Back before Christmas somebody seriously asked me what my college GPA was in an interview. At first I thought he was kidding, then when I realized he was serious, the conversation went like this. (Paraphrased from memory a few weeks later, but very close to actual quotes)
Me: Blah, blah, blah, undergrad Purdue, grad school at Georgia State, blah, blah, blah.
Him: What was your GPA at Purdue?
Me: It was 20 years ago, how is that relevant?
Him: I think it's important.
Me: (thinking this interview just became a waste of time). I think it was a 2.8.
Him: Why didn't you get straight A's. (yes, he really asked me that).
Me: I did in my senior year - made Dean's List. (I actually am rather proud of that).
Him: So what happened before that?
Me: (thinking, wtf? Oh well, let's go with the brutally honest answer instead of the stock insipid answer designed to make me look good. It's not like I care at this point.) Apparently, I had too much fun at school my first couple of years.
Him: What about your grad school GPA?
Me: I have no idea. I think I had to have a 3.0 to get a Master's degree, so it was better than that.

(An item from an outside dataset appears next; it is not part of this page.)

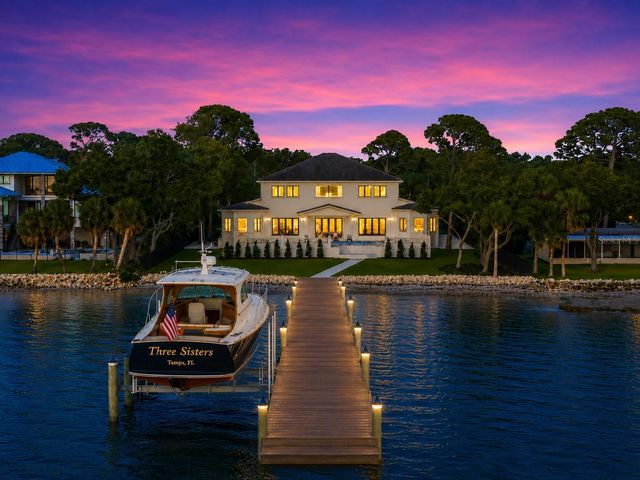 1516 BAYSHORE BOULEVARD, Dunedin, FL 34698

Him: Could you be more specific?
Me: No. It's not relevant.
You'll be shocked to learn that I did not get the job :) I freaking hate interviews where all they do is talk through your resume. My strategy in those types of interviews is to move the conversation to an actual conversation, and away from the adversarial Q & A style that this guy was trying to do. He wouldn't let me do it. He didn't want to have a conversation, and in that effort told me everything I needed to know about what it would be like to work for him.